4:得した気分がムダづかいを呼ぶ

まとめ買いでものを安く買えると、得をした気分になります。自分のことを買い物上手だと思うかもしれません。しかし、この「得をした」「節約できた」という感情が、別の買い物を生むことがしばしばあります。「ちょっとお金が浮いたから、ついでにこれも買っておこう」と予定外のものを買ってしまうことはないでしょうか?

人間には、「いいことをしたから、少しくらいはいいだろう」と、ほかのところで、するべきではないことをするのを許してしまう心理があるように思います。

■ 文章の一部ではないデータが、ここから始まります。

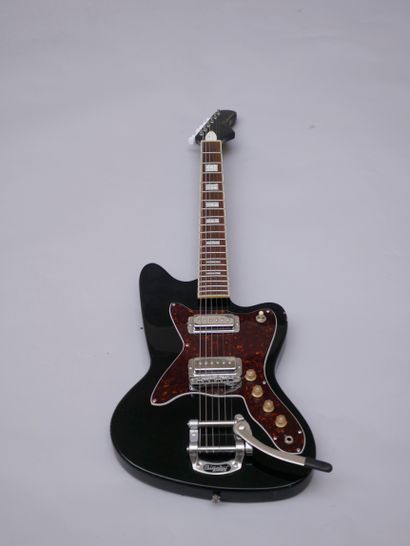  Solidbody electric guitar Silvertone model 1478, made in Indonesia. 
Good condition,...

まとめ買いをするときは、つい「安く買える」という点だけに意識が向いていて、なににどれだけお金を使ったか、しっかり使いきったか、そして総合的にいくらお金が節約できたかまでを計算する人はそんなにいません。

まとめ買いで数百円浮いたと思って、必要でもない雑貨やお菓子を買ってしまったら、差し引きゼロ、あるいはマイナスになることすらあります。

5:いくら買っても、不安は消えない

まとめ買いをするいちばんの理由は、安いときに買っておき、ムダな出費を最小限に抑えたいからだと思います。さらに、備蓄がたくさんあれば、災害や値上げ、買い忘れなどへの不安を減らせると考えることも多いでしょう。

結局のところ、多くの人が未来への漠然とした不安を軽減するためにまとめ買いをしているのかもしれません。しかし、こうした不安は、どれだけものをストックしてもなくなりません。不安は不確かな未来のせいで起きており、この状況はいくら準備してもなくならないからです。

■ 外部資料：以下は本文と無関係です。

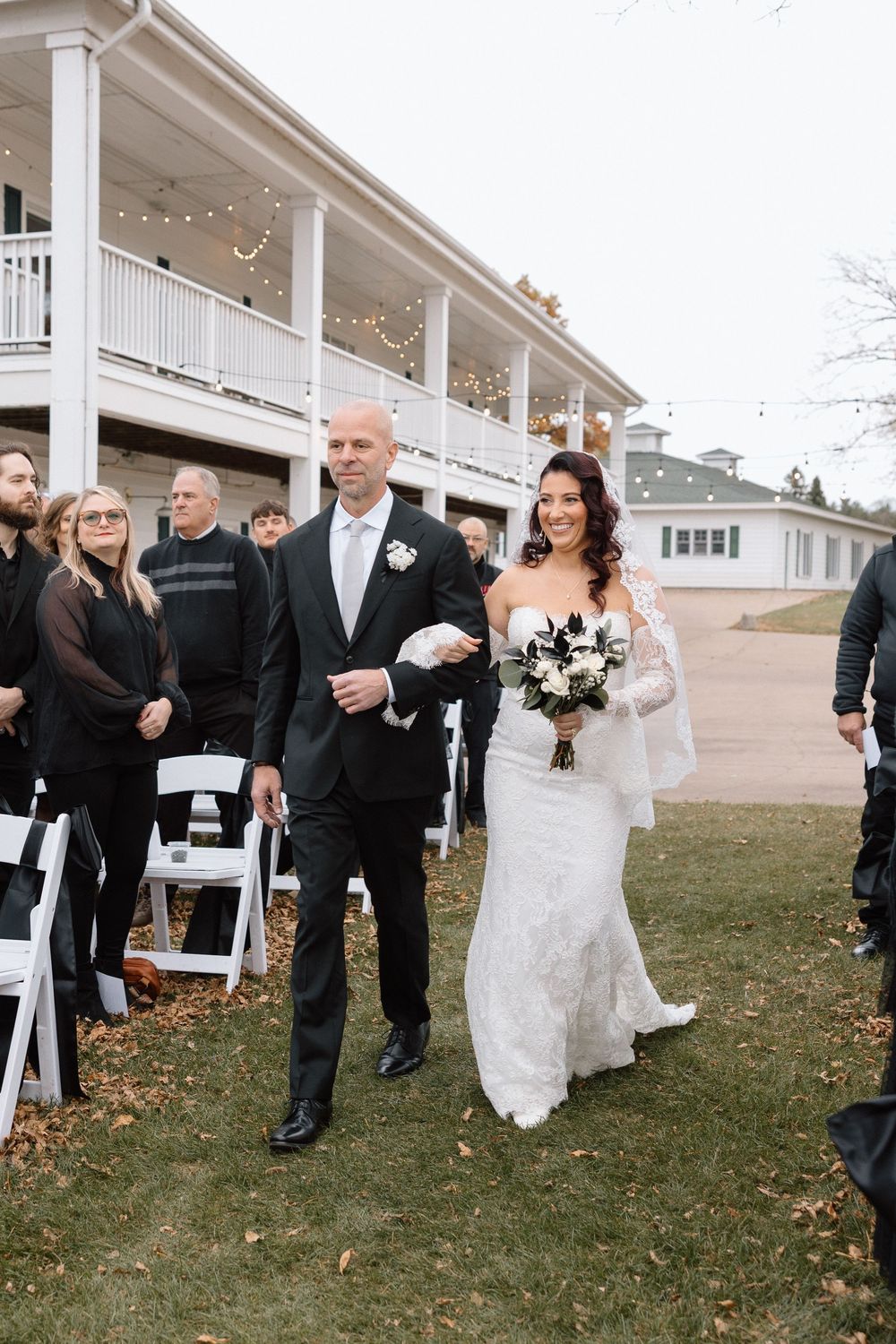 Wedding processional walking outside white columned building with autumn leaves.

ものをたくさんもっていることで得られるのは、一時的な安心にすぎません。ストックが減っていくたびに「そろそろ買わなきゃ」と心がざわつくようになり、頭の片隅で常に在庫のことが気になってしまう。そんな悪循環に陥ることさえあります。

なにをどれだけ準備しても、未来がどうなるかはわかりません。完璧に備えようとするより、不確実な未来とうまく生きていく方が重要だと私は考えています。

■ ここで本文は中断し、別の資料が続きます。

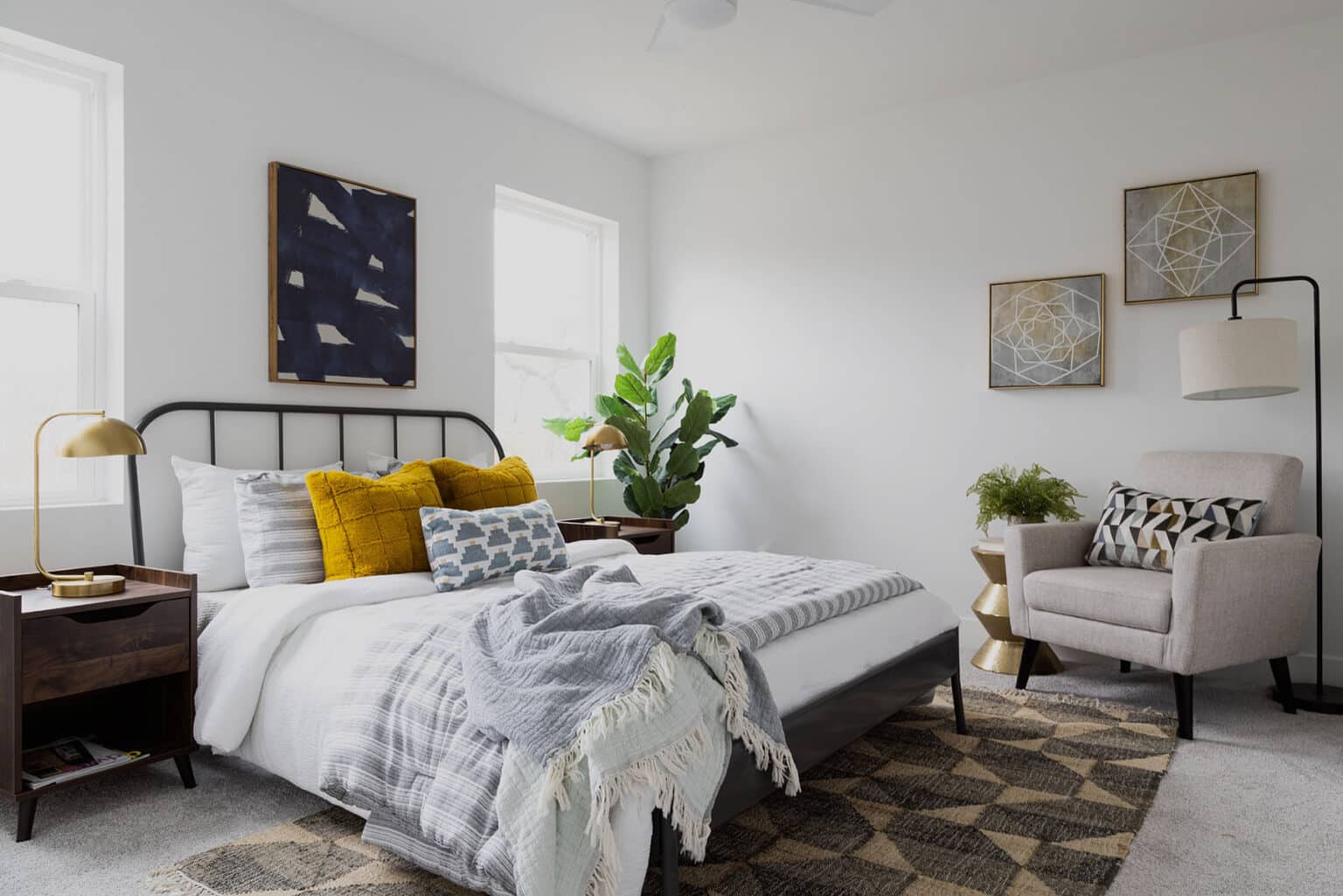 Modern and cozy bedroom with a minimalist design. The space features a low-profile bed with a black metal frame, white and gray bedding, and accent pillows in mustard yellow and geometric patterns. Flanking the bed are two dark wood nightstands with gold lamps. A large leafy plant adds greenery near the corner window. On the right, a light beige armchair with a patterned pillow sits beside a sculptural gold side table and a black floor lamp. Abstract artwork decorates the white walls, while a textured area rug adds warmth to the carpeted floor. Natural light fills the room through two large windows.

まとめ買いが必ずしも得ではない理由を5つ紹介しました。まとめ買いには節約というイメージがありますが、それが本当に自分に合った方法かどうか、一度立ち止まって考えてみることも大切です。

買いすぎず、抱えすぎず、身軽に暮らす。そんな選択が、50代からの生活をよりシンプルにしてくれるのではないでしょうか?